**Task to carry out:** Restate word for word the lines of the entries below, starting with the line that holds "Ensure that the" and ending with the line that holds "Hi guys, this", and no others.

[Dataset entries]
--*--
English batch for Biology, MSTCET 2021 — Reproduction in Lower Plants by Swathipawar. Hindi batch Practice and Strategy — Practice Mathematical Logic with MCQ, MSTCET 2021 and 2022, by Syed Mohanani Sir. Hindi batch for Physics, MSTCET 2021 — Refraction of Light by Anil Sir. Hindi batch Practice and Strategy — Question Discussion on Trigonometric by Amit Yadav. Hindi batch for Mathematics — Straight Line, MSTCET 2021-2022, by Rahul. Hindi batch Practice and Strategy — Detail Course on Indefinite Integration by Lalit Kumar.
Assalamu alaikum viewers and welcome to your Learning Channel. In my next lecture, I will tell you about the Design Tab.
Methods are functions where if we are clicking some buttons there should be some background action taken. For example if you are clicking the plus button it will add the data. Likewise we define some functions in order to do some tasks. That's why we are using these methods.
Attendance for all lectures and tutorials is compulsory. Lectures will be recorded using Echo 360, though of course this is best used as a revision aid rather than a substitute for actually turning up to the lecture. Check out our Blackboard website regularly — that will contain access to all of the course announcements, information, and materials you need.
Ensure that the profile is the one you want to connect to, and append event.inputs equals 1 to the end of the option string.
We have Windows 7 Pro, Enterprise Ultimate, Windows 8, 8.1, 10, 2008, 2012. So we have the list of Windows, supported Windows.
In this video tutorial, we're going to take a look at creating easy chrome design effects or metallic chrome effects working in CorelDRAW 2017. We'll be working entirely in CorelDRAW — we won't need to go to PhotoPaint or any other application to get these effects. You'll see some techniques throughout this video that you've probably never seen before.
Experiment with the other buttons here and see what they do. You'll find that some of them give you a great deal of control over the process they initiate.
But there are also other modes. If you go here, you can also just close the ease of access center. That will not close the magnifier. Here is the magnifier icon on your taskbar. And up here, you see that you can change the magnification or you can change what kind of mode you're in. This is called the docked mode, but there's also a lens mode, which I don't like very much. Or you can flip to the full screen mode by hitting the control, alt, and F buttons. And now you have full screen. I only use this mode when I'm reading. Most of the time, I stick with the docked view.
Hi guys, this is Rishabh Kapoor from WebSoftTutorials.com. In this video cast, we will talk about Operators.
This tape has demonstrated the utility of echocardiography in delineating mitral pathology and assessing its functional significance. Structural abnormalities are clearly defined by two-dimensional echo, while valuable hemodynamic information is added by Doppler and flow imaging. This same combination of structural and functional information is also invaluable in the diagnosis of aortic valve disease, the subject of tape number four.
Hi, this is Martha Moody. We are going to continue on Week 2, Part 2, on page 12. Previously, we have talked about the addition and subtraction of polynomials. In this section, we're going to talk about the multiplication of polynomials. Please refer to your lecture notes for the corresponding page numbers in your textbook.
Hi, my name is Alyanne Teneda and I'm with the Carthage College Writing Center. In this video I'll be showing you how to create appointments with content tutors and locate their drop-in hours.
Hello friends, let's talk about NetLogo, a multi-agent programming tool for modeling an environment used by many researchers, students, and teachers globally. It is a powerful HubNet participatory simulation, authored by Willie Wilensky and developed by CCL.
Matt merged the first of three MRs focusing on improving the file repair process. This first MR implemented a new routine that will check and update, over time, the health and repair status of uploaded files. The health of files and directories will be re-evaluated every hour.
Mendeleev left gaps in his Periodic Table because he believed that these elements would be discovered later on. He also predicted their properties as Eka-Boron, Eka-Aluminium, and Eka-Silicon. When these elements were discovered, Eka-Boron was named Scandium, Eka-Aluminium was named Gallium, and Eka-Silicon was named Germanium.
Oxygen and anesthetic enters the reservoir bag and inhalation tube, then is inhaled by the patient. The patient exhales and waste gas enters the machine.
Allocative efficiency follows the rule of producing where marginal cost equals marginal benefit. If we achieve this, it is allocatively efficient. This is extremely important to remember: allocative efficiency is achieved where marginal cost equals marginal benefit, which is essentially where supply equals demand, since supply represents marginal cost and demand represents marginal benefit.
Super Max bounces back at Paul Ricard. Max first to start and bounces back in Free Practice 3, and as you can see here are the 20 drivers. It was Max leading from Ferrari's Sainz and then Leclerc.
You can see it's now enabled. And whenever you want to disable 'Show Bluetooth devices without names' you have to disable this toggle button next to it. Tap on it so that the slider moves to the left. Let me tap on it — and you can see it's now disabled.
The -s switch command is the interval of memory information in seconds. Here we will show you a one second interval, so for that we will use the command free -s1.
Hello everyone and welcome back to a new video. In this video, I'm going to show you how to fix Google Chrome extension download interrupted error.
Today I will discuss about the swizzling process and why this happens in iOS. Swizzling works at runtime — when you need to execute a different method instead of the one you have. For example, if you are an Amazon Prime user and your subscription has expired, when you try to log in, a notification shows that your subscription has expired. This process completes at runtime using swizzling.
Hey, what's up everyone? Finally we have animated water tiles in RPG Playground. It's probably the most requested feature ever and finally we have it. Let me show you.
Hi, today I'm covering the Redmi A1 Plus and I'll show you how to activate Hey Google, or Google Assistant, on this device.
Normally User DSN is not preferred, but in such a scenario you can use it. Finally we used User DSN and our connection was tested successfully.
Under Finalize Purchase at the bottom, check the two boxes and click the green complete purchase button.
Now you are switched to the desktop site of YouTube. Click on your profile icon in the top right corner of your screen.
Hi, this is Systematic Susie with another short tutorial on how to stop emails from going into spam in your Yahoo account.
--*--
**Written answer:**
Ensure that the profile is the one you want to connect to, and append event.inputs equals 1 to the end of the option string.
We have Windows 7 Pro, Enterprise Ultimate, Windows 8, 8.1, 10, 2008, 2012. So we have the list of Windows, supported Windows.
In this video tutorial, we're going to take a look at creating easy chrome design effects or metallic chrome effects working in CorelDRAW 2017. We'll be working entirely in CorelDRAW — we won't need to go to PhotoPaint or any other application to get these effects. You'll see some techniques throughout this video that you've probably never seen before.
Experiment with the other buttons here and see what they do. You'll find that some of them give you a great deal of control over the process they initiate.
But there are also other modes. If you go here, you can also just close the ease of access center. That will not close the magnifier. Here is the magnifier icon on your taskbar. And up here, you see that you can change the magnification or you can change what kind of mode you're in. This is called the docked mode, but there's also a lens mode, which I don't like very much. Or you can flip to the full screen mode by hitting the control, alt, and F buttons. And now you have full screen. I only use this mode when I'm reading. Most of the time, I stick with the docked view.
Hi guys, this is Rishabh Kapoor from WebSoftTutorials.com. In this video cast, we will talk about Operators.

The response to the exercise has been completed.